EXTRACTED MATERIAL ▸
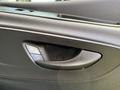 A close-up of the interior door handle of a 2022 Mercedes-Benz Sprinter showing the design and controls for locking and unlocking the door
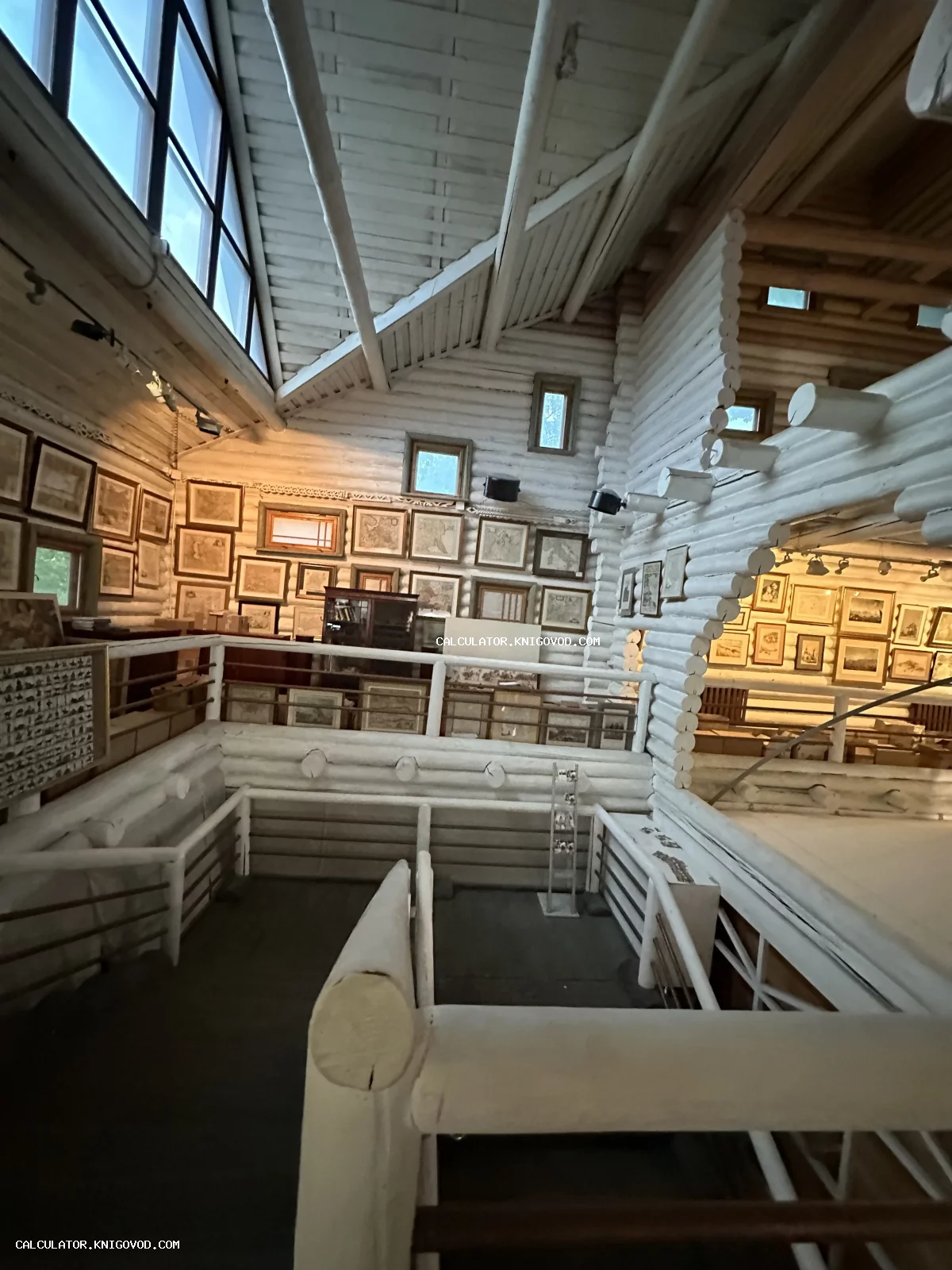 Просторный светлый интерьер бревенчатого дома, стены которого плотно декорированы старинными гравюрами и картами в рамках.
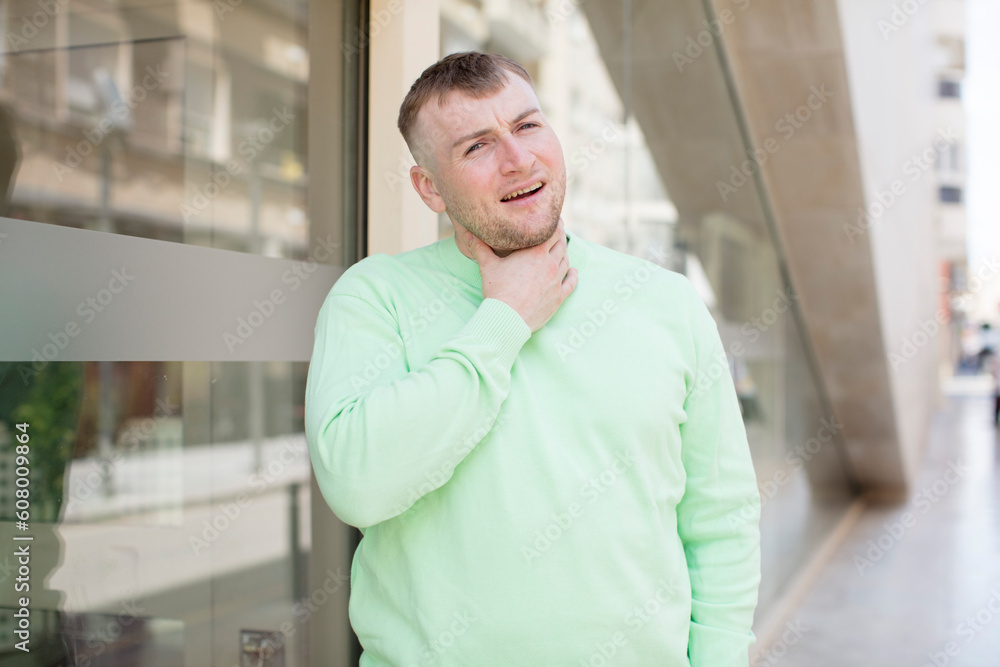 handsome man feeling ill with a sore throat and flu symptoms, coughing with mouth covered handsome man feeling ill with a sore throat and flu symptoms, coughing with mouth covered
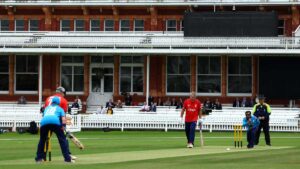 Mark Turnham batting against Mo Khatri's Bowling with the Lords Pavilion in shot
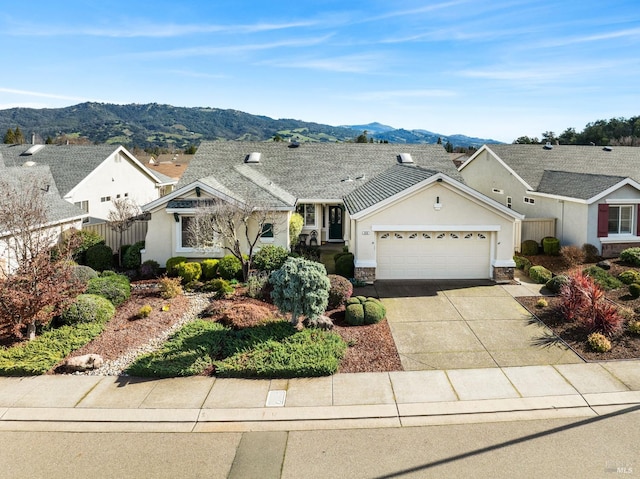 view of front facade featuring a garage and a mountain view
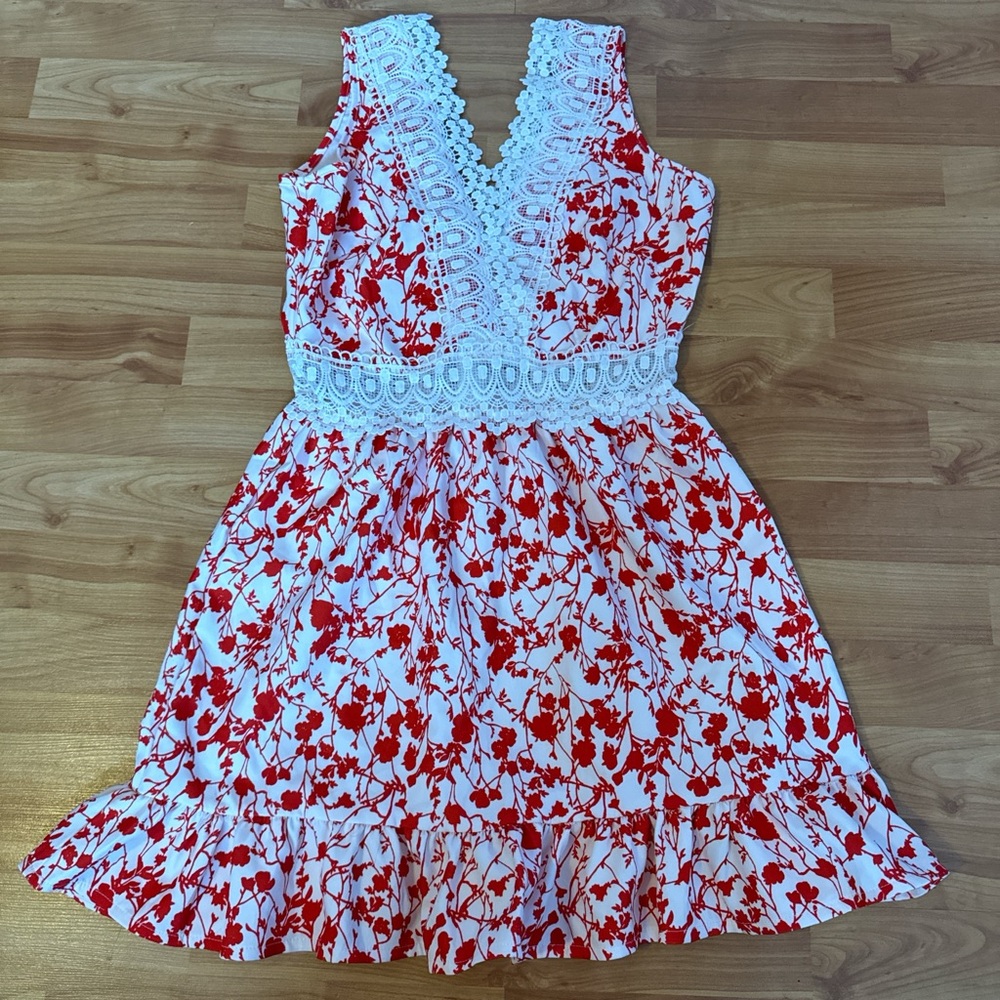 Red & white floral dress with lace trim and ruffle hem, featuring a V neckline.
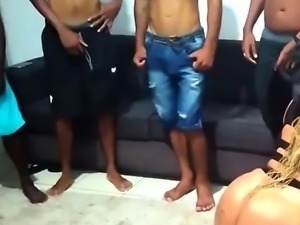 Big butt Brazilian milf works her mouth on a gang of cocks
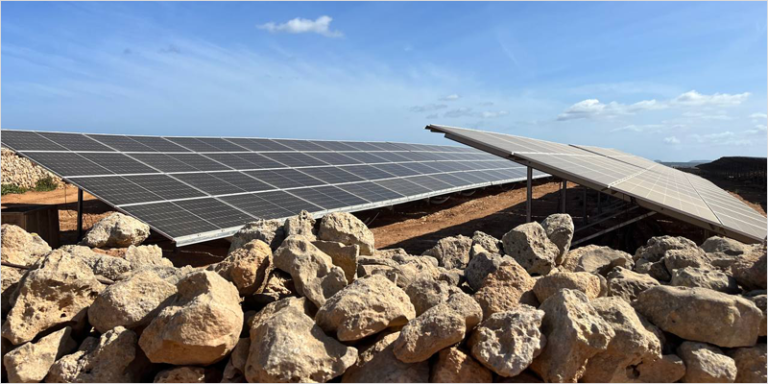 Parque solar fotovoltaico y un cielo azul con nubes.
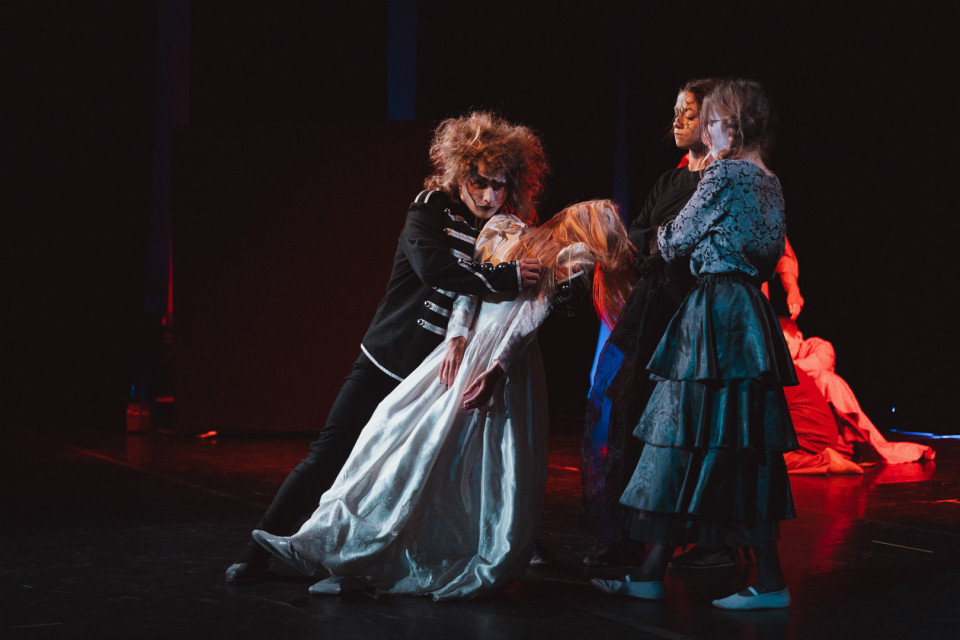 Auf einer dunkel beleuchteten Theaterbühne stützen mehrere kostümierte Darsteller eine Frau in einem weißen Kleid, die bewusstlos oder erschöpft nach vorne sinkt. Dramatisches rotes und blaues Licht sowie die auffälligen Masken und historischen Kostüme erzeugen eine unheimliche, spannungsvolle Szene.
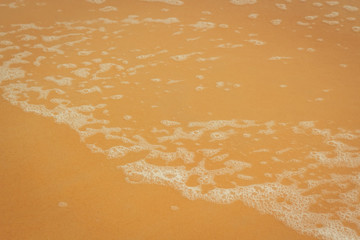 white sea foam on yellow sand, sea background, sandy beach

DESCRIPTION OF THE TASK ▸ Please give the entries above again exactly as written, leaving out any pictures.

EXERCISE RESPONSE ▸
 A close-up of the interior door handle of a 2022 Mercedes-Benz Sprinter showing the design and controls for locking and unlocking the door
 Просторный светлый интерьер бревенчатого дома, стены которого плотно декорированы старинными гравюрами и картами в рамках.
 handsome man feeling ill with a sore throat and flu symptoms, coughing with mouth covered handsome man feeling ill with a sore throat and flu symptoms, coughing with mouth covered
 Mark Turnham batting against Mo Khatri's Bowling with the Lords Pavilion in shot
 view of front facade featuring a garage and a mountain view
 Red & white floral dress with lace trim and ruffle hem, featuring a V neckline.
 Big butt Brazilian milf works her mouth on a gang of cocks
 Parque solar fotovoltaico y un cielo azul con nubes.
 Auf einer dunkel beleuchteten Theaterbühne stützen mehrere kostümierte Darsteller eine Frau in einem weißen Kleid, die bewusstlos oder erschöpft nach vorne sinkt. Dramatisches rotes und blaues Licht sowie die auffälligen Masken und historischen Kostüme erzeugen eine unheimliche, spannungsvolle Szene.
 white sea foam on yellow sand, sea background, sandy beach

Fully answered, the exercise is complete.